This is truly scary but really comes as no surprise. Numerous endless foreign wars and occupations are very expensive. Since the late 70's, America also has clinched the title of having the world's largest prison population and it costs tens of thousands of dollars to keep mostly nonviolent criminals incarcerated year after year. America is also the first post-industrial country in the world. There are museums of industry in cities like Balitmore because manufacturing is nothing but history in an impoverished, dangerous, crime-filled bombed out ghetto city like Baltimore or Trenton, New Jersey in which a bridge ironically reads with huge letters that "Trenton makes, the world takes". Anyone who has visited a scary decaying former manufacturing powerhouse American city like Detroit can attest to this. No one else bought into outsourcing more than America. It is highly ironic that the richest and most powerful corporations in the world were birthed and nurtured, and are still headquartered, here in the United States.

10 Richest Companies In The World 2011

19 Facts About The Deindustrialization Of America That Will Make You Weep

No good for average American people can be derived from any of this.
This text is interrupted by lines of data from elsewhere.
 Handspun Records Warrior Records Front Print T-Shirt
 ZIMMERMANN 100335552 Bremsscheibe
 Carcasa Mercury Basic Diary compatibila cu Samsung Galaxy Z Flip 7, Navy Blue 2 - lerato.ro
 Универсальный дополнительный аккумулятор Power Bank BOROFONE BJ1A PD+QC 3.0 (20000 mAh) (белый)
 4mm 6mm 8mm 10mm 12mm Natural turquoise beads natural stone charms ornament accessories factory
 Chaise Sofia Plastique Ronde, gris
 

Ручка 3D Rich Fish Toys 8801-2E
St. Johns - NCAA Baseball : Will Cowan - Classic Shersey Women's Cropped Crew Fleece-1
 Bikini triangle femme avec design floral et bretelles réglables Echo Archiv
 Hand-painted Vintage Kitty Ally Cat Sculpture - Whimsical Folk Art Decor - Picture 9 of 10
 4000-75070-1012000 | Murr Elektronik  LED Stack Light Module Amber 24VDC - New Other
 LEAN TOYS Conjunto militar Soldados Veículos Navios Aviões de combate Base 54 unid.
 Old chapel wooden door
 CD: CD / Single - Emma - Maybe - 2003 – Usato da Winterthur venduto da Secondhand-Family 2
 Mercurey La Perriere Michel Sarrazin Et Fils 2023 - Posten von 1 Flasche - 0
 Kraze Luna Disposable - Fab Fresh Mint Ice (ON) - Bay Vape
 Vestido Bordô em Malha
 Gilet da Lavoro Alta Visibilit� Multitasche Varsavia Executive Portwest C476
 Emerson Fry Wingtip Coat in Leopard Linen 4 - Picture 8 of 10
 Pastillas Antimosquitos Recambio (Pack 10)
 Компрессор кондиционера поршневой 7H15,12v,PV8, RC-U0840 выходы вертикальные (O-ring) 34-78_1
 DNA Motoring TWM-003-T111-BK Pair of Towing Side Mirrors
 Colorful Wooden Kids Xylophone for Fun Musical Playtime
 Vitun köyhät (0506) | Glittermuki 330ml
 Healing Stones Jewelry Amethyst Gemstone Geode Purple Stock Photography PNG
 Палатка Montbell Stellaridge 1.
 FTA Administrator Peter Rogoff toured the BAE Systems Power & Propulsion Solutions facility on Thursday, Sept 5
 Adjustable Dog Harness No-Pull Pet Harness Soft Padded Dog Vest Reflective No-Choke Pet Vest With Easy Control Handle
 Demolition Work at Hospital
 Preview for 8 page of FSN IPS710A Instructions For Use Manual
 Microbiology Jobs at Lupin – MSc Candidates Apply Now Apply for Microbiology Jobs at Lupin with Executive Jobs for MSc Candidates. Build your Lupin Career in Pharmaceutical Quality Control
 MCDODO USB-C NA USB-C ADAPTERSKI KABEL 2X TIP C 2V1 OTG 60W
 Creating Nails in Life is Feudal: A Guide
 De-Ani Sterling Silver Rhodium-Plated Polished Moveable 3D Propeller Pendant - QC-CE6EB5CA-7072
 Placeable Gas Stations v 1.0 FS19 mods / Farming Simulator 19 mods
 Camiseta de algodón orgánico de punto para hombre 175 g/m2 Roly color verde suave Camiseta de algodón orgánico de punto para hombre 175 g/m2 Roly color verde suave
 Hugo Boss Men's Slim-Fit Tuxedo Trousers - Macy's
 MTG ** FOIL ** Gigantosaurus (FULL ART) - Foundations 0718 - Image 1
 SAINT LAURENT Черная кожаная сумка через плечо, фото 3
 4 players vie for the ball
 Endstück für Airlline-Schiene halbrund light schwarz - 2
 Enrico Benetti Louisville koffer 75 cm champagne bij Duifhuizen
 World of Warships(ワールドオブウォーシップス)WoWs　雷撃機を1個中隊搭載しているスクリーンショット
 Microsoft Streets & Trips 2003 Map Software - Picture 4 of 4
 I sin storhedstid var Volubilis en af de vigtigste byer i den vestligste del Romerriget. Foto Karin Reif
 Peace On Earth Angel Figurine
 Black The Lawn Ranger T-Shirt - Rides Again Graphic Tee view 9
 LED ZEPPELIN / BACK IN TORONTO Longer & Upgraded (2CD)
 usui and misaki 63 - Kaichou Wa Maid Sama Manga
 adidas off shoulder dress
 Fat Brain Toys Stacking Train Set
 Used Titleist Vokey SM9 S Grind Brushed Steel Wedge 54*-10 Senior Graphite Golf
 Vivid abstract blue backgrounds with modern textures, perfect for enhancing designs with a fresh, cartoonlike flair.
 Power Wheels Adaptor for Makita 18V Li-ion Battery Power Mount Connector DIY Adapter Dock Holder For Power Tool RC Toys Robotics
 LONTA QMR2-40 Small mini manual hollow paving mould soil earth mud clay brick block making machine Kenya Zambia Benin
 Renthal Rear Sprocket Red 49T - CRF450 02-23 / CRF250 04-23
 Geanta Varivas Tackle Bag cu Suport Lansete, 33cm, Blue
Wealthy all-powerful globally omnipresent corporations like Nike, Ford, Apple and Walmart were built from the ground up from tiny fragile small businesses by hard-working loyal American workers and consumers, yet these U.S. born and bred companies have turned their backs on the American economy and the American worker in favor of a huge unethical loophole in the law, known as free trade, which allows large scale exploitation of slave labor on the other side of the globe. Aside from outsourced manufacturing slave labor at the hands of rich global American companies, high paid white collar jobs have also been outsourced to places in China and India for lower corporate costs. The middle class in China is already bigger than the entire population of the United States.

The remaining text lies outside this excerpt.